Lecture Log for Distributed Systems

Lecture 1:
- Architectures and Networking Today's lecture served as an introduction to the module. I discussed some of the key issues which face the designers of distributed systems, discussed some of the achievements of the last twenty years in facing these challenges and highlighted some topics which we will be considering later in the course.
  I then went through some architectural models which are intended to give you an idea of the different ways in which distributed systems can be organised. Although client/server and its variants still dominates as the common architecture for distributed systems, other schemas such as peer-to-peer are starting to appear. During the review of these architectures I again highlighted topics which we will return to later in the course.
  At the end fo the lecture I gave a brief summary of the networking concepts underlying message passing in distributed computations. The effect of message passing is to introduce a delay, which is equal to the latency and the transmission delay. In general the more complex (and disparate) the topology of the route the message has to take, the greater the delay. I explained some of the devices and software components that a message may have to pass through, each of which will introduce an associated delay. Thus the latency within a single ethernet is typically less than 1 millisecond, whereas the latency between two arbitrary hosts on the Internet will be 300-600 milliseconds.
  I talked about the IP protocol, IP addresses and domain names which are now almost universally used (the exceptions being WAP and specialised multimedia streaming protocols). I also discussed IP version 6 (IPv6) and MobileIP which offers support for mobile hosts.
- Lecture 1
- Recommended reading: Chapter 1, Sections 2.1 and 2.2 and Chapter 3 of CDK3
Lecture 2:
- Inter-process Communication Today's lecture was focussed on communication between processes as opposed to between hosts. Here the important concepts are ports and sockets. Java provides good programming abstractions of sockets, making it quite easy to write processes communicating by either datagrams (UDP) or streams (TCP), as the example programs show.
  I also discussed data marshalling and multicast. These features are often managed by middleware, rather than applications, as we will see in the next lecture. Nevertheless is it important to be aware of them.
- Lecture 2
- Recommended reading: Chapter 4 of CDK3
- Programs:
Lecture 3:
- Remote Invocation and Distributed Objects In today's lecture I went over the programming models found in distributed applications.
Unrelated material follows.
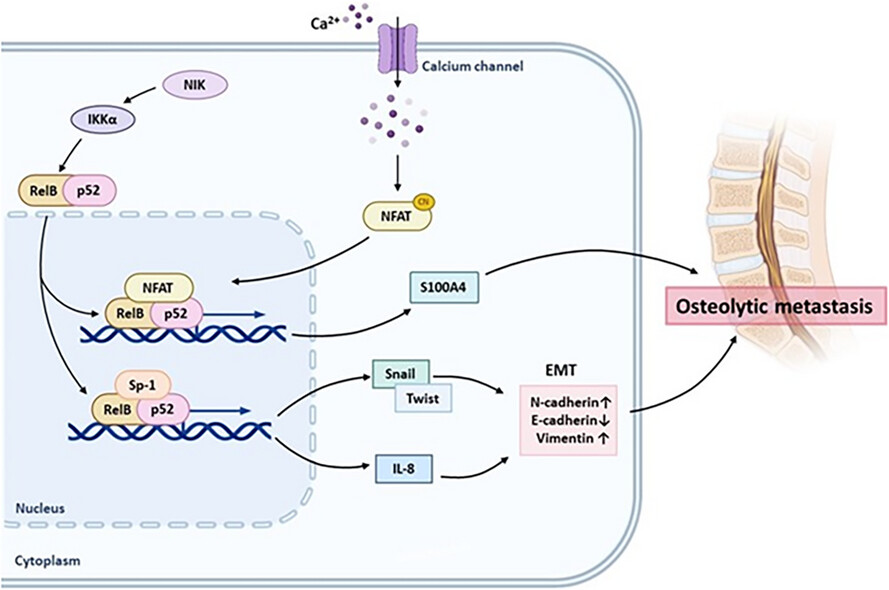 Insight into prostate cancer osteolytic metastasis by RelB coordination of IL-8 and S100A4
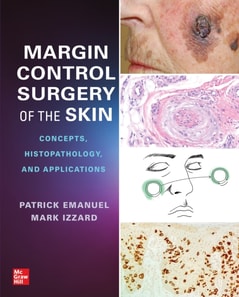 Margin Control Surgery of the Skin: Concepts, Histopathology, and Applications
In particular he focussed on remote procedure calls and remote method invocation, using Sun RPC as an example of the former and JavaRMI as an example of the latter. The supporting elements needed for each are quite similar. Stubs/proxies accept the calls/invocations localling and transparently carrying out the marshalling of the call into a request message; messages are passed between communication modules; a dispatcher passes an incoming request with the appropriate stub/skeleton which unmarshalls the data and makes a local call/invocation; and similarly for the reply.
  The interface, which specifies the procedures/methods of the remote service is used to generate these supporting elements, as well as providing the means for agreement between the client and server implementors on the acceptable forms of interaction.
- Lecture 3
- Recommended reading: Chapter 5 of CDK3 (section on Event notification optional)
Lecture 4:
- CORBA and CORBA IDL Today we went on to consider CORBA in more detail than we did RMI. In particular today I talked briefly about the programming model for CORBA and how it conforms to the generic structure for remote method invocation described in the previous lecture. I then went on to talk about IDL, the CORBA interface definition language in some detail. I also explained the mapping to Java and the use of the idlj compiler to generate stubs, skeletons and other associated classes.
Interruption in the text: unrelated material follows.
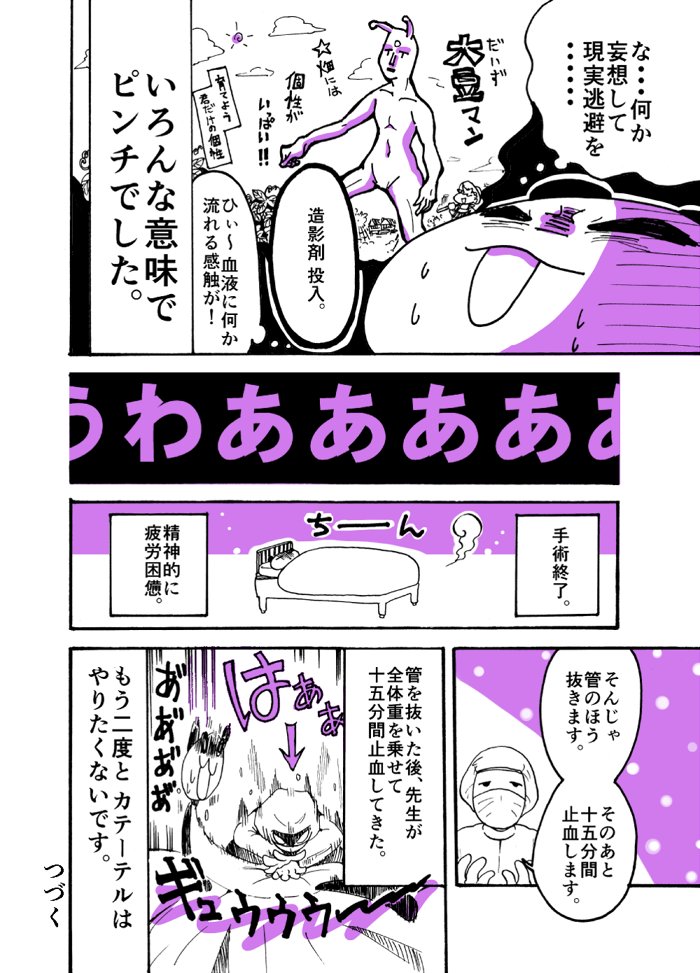 33歳漫画家志望が脳梗塞になった話(4/7)
～カテーテル編～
  The development process I outlined today was for static invocation - I will (briefly) discuss dynamic invocation next week. At the end of the lecture I ran out of time for explaining the POA (portable object adaptor) but I'll cover this next time.
- Lecture 4
- Suggested activity: Java Tutorial on using Java IDL
Lecture 5:
- CORBA and Java The focus of today's lecture was the Java view of CORBA remote invocation. Using simple example programs I showed how the ORB is initialised; setting up a POA and using it to create objects from implementations; and the use of the naming service to register and retrieve objects. I also talked about the alternative ways of obtaining object references (factory objects, strings, resolve_initial_references). I explained the structure of the naming service. At the end of the lecture I ran out of time for explaining the "tie" mechanism, but I'll cover this next time. The two final examples showed the use of a callback object and the use of the "tie" mechanism when you need a servant to inherit from a superclass which is not the skeleton.
- Lecture 5
- Suggested activity: take a look at the example programs in here, most of which were discussed in today's lecture.
Lecture 6:
- CORBA in detail In the lecture today I discussed the CORBA specification, in terms of the components it describes and the services they provide. The role of the implementation repository in binding persistent object references and the role of the interface repository in dynamic invocation were explained. At the end of the lecture I ran out of time for explaining the role of an IIOP gateway when a CORBA client or server is implemented as an applet, but I'll cover this next time. I also outlined the role of an IIOP gateway when a CORBA client or server is implemented as an applet. This concluded the material on CORBA.
- Lecture 6
- Suggested activity: take a look at the persistence example program discussed in the lecture and available from this page.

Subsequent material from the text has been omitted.